▶ [WHAT IS NEEDED]: Filter the entries below, keeping only lines with "running".

*** Block opens ***

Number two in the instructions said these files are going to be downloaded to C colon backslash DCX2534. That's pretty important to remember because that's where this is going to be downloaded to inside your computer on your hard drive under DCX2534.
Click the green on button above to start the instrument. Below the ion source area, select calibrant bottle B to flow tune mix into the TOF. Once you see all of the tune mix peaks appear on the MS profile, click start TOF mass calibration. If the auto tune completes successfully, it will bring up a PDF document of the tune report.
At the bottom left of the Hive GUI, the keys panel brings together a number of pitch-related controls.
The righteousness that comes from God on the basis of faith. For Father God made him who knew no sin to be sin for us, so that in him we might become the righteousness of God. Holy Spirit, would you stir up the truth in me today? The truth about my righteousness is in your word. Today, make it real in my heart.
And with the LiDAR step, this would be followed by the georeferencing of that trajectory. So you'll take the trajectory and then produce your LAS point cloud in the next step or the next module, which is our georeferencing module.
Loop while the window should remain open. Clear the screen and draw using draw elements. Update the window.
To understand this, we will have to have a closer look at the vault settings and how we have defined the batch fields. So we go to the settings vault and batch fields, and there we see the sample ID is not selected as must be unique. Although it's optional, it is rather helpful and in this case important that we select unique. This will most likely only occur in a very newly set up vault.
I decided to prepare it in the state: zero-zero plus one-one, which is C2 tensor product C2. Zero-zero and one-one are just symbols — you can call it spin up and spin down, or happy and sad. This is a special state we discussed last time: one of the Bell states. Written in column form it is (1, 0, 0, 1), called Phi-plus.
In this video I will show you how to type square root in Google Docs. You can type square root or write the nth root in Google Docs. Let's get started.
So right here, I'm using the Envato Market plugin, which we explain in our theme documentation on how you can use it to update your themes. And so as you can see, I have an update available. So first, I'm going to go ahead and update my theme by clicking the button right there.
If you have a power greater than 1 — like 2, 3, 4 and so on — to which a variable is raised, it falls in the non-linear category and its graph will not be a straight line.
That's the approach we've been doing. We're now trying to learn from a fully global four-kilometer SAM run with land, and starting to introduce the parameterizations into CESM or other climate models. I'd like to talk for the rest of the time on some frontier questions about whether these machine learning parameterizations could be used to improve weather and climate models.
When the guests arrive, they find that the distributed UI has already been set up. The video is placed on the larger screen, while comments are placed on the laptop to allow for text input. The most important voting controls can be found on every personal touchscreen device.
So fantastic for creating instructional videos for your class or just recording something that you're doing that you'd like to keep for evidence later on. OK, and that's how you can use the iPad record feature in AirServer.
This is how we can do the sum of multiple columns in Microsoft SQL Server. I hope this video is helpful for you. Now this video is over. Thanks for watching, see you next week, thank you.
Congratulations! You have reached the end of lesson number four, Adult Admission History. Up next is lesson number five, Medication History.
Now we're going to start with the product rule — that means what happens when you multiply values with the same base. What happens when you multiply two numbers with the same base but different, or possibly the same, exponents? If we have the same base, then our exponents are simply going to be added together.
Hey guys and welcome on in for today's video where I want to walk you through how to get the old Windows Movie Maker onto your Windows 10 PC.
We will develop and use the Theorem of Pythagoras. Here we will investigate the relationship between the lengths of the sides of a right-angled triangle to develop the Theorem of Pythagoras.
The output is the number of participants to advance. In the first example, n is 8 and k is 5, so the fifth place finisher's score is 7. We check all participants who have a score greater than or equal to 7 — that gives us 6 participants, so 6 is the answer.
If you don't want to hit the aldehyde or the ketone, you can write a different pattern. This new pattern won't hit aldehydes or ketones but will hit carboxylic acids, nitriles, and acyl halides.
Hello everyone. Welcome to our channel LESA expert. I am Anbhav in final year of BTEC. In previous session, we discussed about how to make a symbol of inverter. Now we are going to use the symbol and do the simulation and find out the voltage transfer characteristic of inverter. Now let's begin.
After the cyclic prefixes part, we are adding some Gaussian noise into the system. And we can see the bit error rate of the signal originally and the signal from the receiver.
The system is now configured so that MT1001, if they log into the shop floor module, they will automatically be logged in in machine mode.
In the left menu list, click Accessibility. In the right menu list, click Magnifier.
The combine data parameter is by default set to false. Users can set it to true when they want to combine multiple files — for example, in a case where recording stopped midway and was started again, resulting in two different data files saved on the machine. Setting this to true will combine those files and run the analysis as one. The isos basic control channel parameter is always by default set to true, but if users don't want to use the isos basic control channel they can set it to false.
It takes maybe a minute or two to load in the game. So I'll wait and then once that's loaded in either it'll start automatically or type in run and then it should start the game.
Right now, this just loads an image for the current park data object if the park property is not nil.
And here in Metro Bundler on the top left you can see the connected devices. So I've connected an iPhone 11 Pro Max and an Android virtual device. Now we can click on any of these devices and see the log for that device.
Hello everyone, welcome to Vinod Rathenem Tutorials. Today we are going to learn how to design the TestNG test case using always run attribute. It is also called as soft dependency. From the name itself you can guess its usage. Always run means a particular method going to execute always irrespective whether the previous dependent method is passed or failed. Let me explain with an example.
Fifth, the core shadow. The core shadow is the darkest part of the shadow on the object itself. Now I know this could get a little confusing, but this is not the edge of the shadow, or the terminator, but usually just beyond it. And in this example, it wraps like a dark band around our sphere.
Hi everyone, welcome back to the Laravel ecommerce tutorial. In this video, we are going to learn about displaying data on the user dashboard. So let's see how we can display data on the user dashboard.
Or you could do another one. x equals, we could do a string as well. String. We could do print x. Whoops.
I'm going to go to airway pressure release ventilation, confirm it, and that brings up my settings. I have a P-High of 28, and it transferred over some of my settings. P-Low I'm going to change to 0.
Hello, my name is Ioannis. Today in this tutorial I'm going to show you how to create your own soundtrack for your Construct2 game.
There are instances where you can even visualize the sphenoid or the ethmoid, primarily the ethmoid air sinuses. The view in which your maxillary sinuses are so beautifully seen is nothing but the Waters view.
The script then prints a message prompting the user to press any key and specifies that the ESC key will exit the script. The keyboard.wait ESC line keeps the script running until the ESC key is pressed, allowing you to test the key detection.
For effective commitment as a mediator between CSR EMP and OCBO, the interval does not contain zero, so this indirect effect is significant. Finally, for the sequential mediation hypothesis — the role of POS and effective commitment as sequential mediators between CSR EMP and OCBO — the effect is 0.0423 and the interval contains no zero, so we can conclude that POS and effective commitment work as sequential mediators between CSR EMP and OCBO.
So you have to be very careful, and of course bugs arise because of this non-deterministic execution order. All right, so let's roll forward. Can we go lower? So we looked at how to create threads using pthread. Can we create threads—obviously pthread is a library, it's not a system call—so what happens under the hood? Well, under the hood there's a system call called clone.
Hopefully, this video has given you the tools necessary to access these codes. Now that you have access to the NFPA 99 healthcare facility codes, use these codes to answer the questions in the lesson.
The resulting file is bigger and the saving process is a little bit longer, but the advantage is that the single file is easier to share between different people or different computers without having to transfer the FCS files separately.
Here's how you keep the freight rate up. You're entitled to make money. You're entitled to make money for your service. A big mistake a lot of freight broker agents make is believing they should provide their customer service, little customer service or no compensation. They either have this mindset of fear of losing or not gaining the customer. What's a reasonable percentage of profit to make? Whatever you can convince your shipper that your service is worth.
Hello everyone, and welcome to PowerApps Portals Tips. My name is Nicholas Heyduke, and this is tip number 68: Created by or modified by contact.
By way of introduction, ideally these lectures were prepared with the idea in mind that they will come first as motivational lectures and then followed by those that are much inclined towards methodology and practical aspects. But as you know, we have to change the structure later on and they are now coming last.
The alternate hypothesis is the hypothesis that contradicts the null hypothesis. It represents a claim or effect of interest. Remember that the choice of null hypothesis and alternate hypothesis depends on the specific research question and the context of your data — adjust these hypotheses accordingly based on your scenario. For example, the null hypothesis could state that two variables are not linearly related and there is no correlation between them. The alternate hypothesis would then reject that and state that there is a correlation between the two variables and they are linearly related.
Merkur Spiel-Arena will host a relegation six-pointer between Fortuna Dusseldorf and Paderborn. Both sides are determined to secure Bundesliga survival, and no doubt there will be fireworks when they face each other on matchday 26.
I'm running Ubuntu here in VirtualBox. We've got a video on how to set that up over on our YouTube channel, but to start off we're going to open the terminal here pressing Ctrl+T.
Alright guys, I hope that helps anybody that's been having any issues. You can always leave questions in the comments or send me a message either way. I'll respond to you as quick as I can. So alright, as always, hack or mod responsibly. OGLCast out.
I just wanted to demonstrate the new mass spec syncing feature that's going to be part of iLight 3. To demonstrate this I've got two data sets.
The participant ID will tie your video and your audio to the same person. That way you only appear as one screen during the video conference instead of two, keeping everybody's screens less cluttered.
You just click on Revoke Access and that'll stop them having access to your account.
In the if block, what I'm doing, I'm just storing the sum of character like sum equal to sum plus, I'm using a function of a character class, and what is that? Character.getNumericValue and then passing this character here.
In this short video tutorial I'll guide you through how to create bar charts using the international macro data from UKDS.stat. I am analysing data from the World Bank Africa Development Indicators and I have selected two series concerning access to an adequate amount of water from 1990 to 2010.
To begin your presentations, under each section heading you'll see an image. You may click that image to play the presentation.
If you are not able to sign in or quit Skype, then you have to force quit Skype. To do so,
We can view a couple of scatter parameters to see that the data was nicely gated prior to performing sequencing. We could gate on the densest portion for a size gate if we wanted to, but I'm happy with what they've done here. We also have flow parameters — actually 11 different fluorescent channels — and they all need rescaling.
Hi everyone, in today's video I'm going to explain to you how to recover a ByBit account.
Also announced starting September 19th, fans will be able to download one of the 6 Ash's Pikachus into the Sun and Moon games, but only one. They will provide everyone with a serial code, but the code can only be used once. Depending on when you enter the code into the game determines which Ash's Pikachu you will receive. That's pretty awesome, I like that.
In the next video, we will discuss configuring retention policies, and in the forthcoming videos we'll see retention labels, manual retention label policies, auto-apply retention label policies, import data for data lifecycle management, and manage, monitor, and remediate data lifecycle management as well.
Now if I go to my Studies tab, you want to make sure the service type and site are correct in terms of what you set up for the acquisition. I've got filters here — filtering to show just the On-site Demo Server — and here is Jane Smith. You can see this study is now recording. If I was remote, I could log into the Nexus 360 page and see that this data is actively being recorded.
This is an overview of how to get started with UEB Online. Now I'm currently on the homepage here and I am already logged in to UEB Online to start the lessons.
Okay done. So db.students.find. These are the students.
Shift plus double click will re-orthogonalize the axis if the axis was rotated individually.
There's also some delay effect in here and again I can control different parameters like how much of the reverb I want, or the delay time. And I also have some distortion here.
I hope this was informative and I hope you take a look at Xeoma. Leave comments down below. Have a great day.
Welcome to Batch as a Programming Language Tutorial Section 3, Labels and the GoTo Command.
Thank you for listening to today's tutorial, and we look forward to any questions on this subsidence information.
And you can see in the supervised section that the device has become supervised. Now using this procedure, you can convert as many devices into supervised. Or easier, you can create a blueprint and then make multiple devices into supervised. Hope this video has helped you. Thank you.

*** Block closes ***

▶ [ANSWER]:
The script then prints a message prompting the user to press any key and specifies that the ESC key will exit the script. The keyboard.wait ESC line keeps the script running until the ESC key is pressed, allowing you to test the key detection.
I'm running Ubuntu here in VirtualBox. We've got a video on how to set that up over on our YouTube channel, but to start off we're going to open the terminal here pressing Ctrl+T.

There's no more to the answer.